Mangaluru, September 26, 2020: Coronavirus pandemic has posed the biggest challenge in history to the survival of economy and business globally. Mangalore Today spoke to leading lights of business and industry to analyse the situation and gain their unique perspectives on the way back to recovery and growth. Excerpts from the Interview with Sanjith Naik, Executive Director, Mahabaleshwara Promoters & Builders, Mangaluru:
How do you assess the Covid-19 pandemic impact on business, especially real estate business?
Navigating the lockdown as far as operations in construction is concerned, it was particularly challenging on many accounts with all processes - construction, sales, property registration and approvals - all coming to a standstill, with the fixed costs still being active. Reviving construction activity back to speed after a break is always a challenging and gradual process. For example, a one month lockdown will mean two or more months delay in the scheduled completion date.
In commercial real estate there is pressure from existing tenants to lower the rentals as their businesses and cash flows are being affected. Covid 19 is bringing about a drastic change in the way we work. IT and services have now moved to the “work from home model” and this might eventually force people to buy larger homes to accommodate a small home office to avoid being disturbed while working. And as work from home can be from any city, IT employees might reverse migrate to their hometowns to enjoy lower cost of living and a better quality of life with the same income as before. This might also lead to the beginning of a new trend of small satellite offices for IT companies in small towns as work from home will require occasional ofice meeting.
How can we survive the crisis brought by the Covid-19 pandemic in Real Estate? What are the steps you have taken to overcome hurdles?
From business point of view my advice would be to take up austerity measures, streamline processes, and work towards reducing debt. These points are very generic and are subjective to each organization. We have postponed new project launches and directed all our resources to completing the under-construction projects. Except for the final documentation process all other sales activities have moved online such as video calling and online viewing of projects. Even some of the construction project management activities have moved to the online domain thanks to the availability of some simple easy-to-use softwares.
What is your advice to people for buying properties in this difficult situation? How best banks and financial institutions can help?
From a home buyer’s perspective it is an opportunity not to be missed. The housing industry has been a buyer’s market for several years even before Covid-19 hit us. Prices of homes have remained stagnant and in some cases they have even come down. Immediately after lockdown it is now even more of a buyer’s market as developers might have short term liquidity issues which might force them to offer discounts. Moreover, home loan interest rates are at their historic lows, there are plenty of homes to choose from as there is sufficient supply, prices are at their lowest and subsidy is provided by the government under PMAY for home buyers who take a loan. In short, there is no better time than this for a person to buy a home. An added bonus to a home buyer is the availability of good quality completed projects offering the buyer a choice with no project completion risks attached.
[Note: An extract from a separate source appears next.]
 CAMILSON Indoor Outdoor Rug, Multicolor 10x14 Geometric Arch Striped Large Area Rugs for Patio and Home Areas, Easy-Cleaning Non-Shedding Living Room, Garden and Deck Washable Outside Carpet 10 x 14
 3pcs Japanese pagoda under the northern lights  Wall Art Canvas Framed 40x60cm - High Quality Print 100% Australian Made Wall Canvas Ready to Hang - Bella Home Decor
A very recent trend I’m noticing is that since gold prices are at their historic highest levels, some enterprising customers are using that opportunity to either pledge or sell their gold to raise the shortfall in the margin money required to avail a home loan.
What is your forecast for real estate market post Covid-19 pandemic?
Going forward, supply of homes will gradually reduce as new project launches will either be cancelled or postponed. Pent-up demand will lead to a sudden increase in home prices in the medium term. Labour and materials costs will keep rising while on the other hand land prices (key raw material) will reduce. This might balance out the costs of producing homes or offices for a developer. But prices of real estate are not decided by a cost plus profit model but by a supply and demand equation. From a developer’s perspective falling land prices becomes an opportunity. Given the current scenario, I foresee the real estate industry evolving into a more mature and professional landscape. The ever reducing profitability will filter out all non-serious developers and only the mature ones will continue being in this business. RERA is already playing its part in moving the industry towards higher standards of professionalism.